● Task statement: Skip every image and restate the data word for word.

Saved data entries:
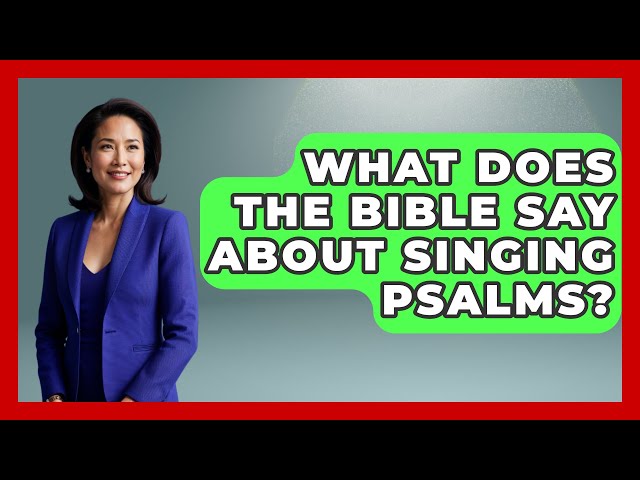 What Does the Bible Say About Singing Psalms? - Holy Harmonies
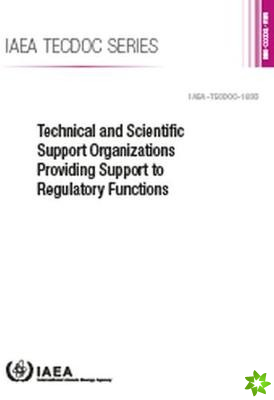 Technical and Scientific Support Organizations Providing Support to Regulatory Functions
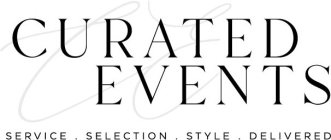 CE CURATED EVENTS SERVICE · SELECTION · STYLE · DELIVERED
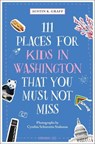 111 Places for Kids in Washington, DC That You Must Not Miss - Austin K Graff - 9783987074530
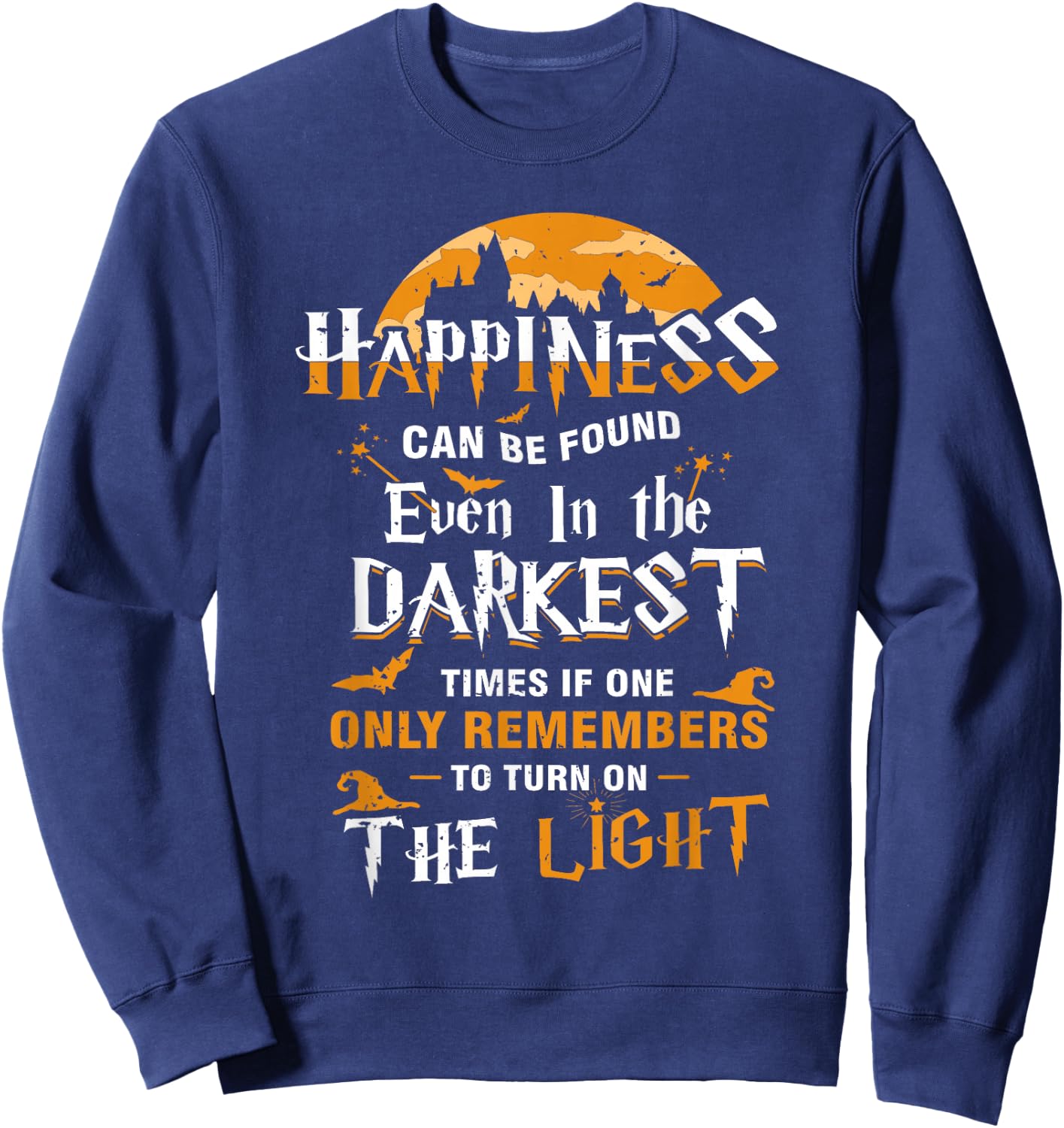 Happiness Can be Found Even in the Darkest of Times Sweatshirt - Sweatshirt | Navy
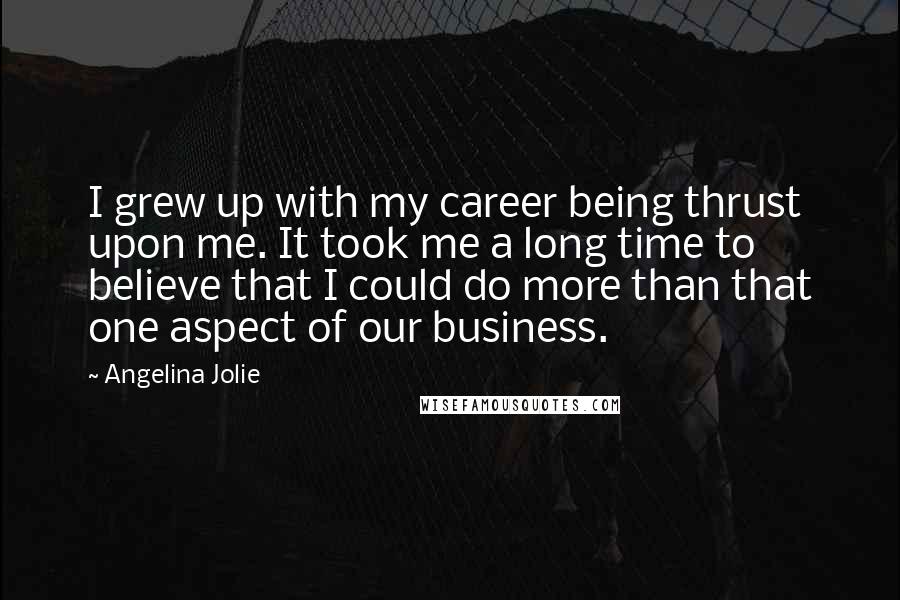 Angelina Jolie Quotes: I grew up with my career being thrust upon me. It took me a long time to believe that I could do more than that one aspect of our business.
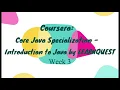 Coursera Introduction to Java by LEARNQUEST Week 3 Answers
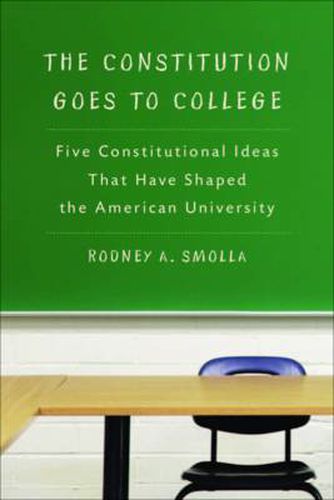 Cover image for The Constitution Goes to College: Five Constitutional Ideas That Have Shaped the American University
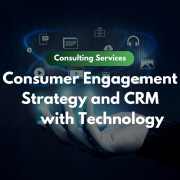 Consumer Engagement Strategy and CRM with Technology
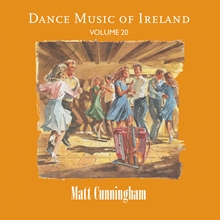 Picture of Matt Cunningham - Vol. 20 Dance Music of Ireland [CD]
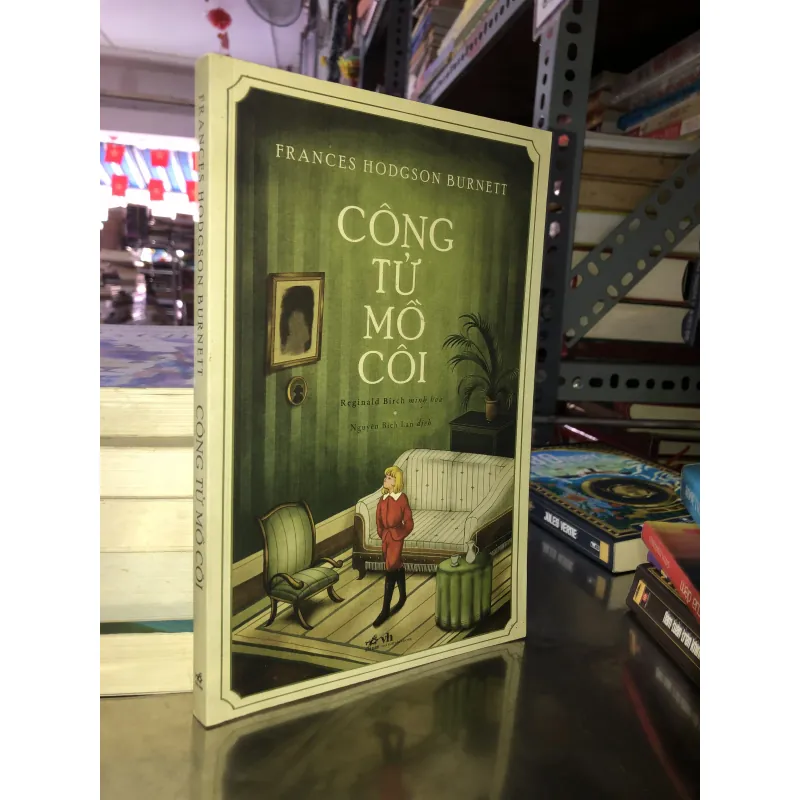 Công tử mồ côi - Frances Hodgson Burnett 1020944
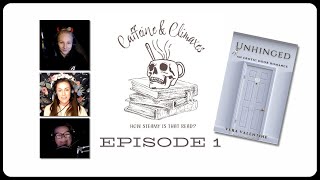 Caffeine & Climaxes | Episode 1 | Unhinged by Vera Valentine
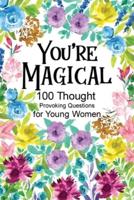 You're Magical 100 Thought Provoking Questions for Young Women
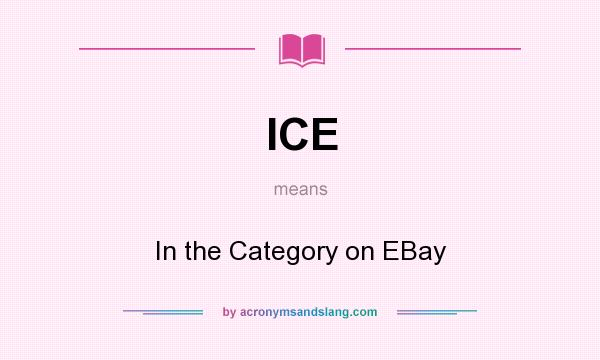 What does ICE mean? It stands for In the Category on EBay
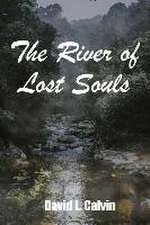 The River of Lost Souls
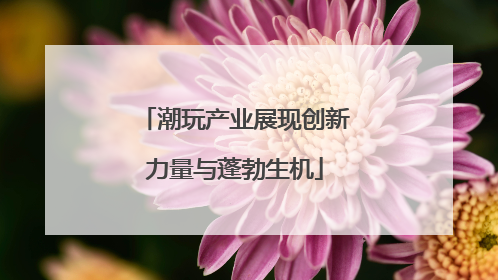 潮玩产业展现创新力量与蓬勃生机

● Exercise answer:
 What Does the Bible Say About Singing Psalms? - Holy Harmonies
 Technical and Scientific Support Organizations Providing Support to Regulatory Functions
 CE CURATED EVENTS SERVICE · SELECTION · STYLE · DELIVERED
 111 Places for Kids in Washington, DC That You Must Not Miss - Austin K Graff - 9783987074530
 Happiness Can be Found Even in the Darkest of Times Sweatshirt - Sweatshirt | Navy
 Angelina Jolie Quotes: I grew up with my career being thrust upon me. It took me a long time to believe that I could do more than that one aspect of our business.
 Coursera Introduction to Java by LEARNQUEST Week 3 Answers
 Cover image for The Constitution Goes to College: Five Constitutional Ideas That Have Shaped the American University
 Consumer Engagement Strategy and CRM with Technology
 Picture of Matt Cunningham - Vol. 20 Dance Music of Ireland [CD]
 Công tử mồ côi - Frances Hodgson Burnett 1020944
 Caffeine & Climaxes | Episode 1 | Unhinged by Vera Valentine
 You're Magical 100 Thought Provoking Questions for Young Women
 What does ICE mean? It stands for In the Category on EBay
 The River of Lost Souls
 潮玩产业展现创新力量与蓬勃生机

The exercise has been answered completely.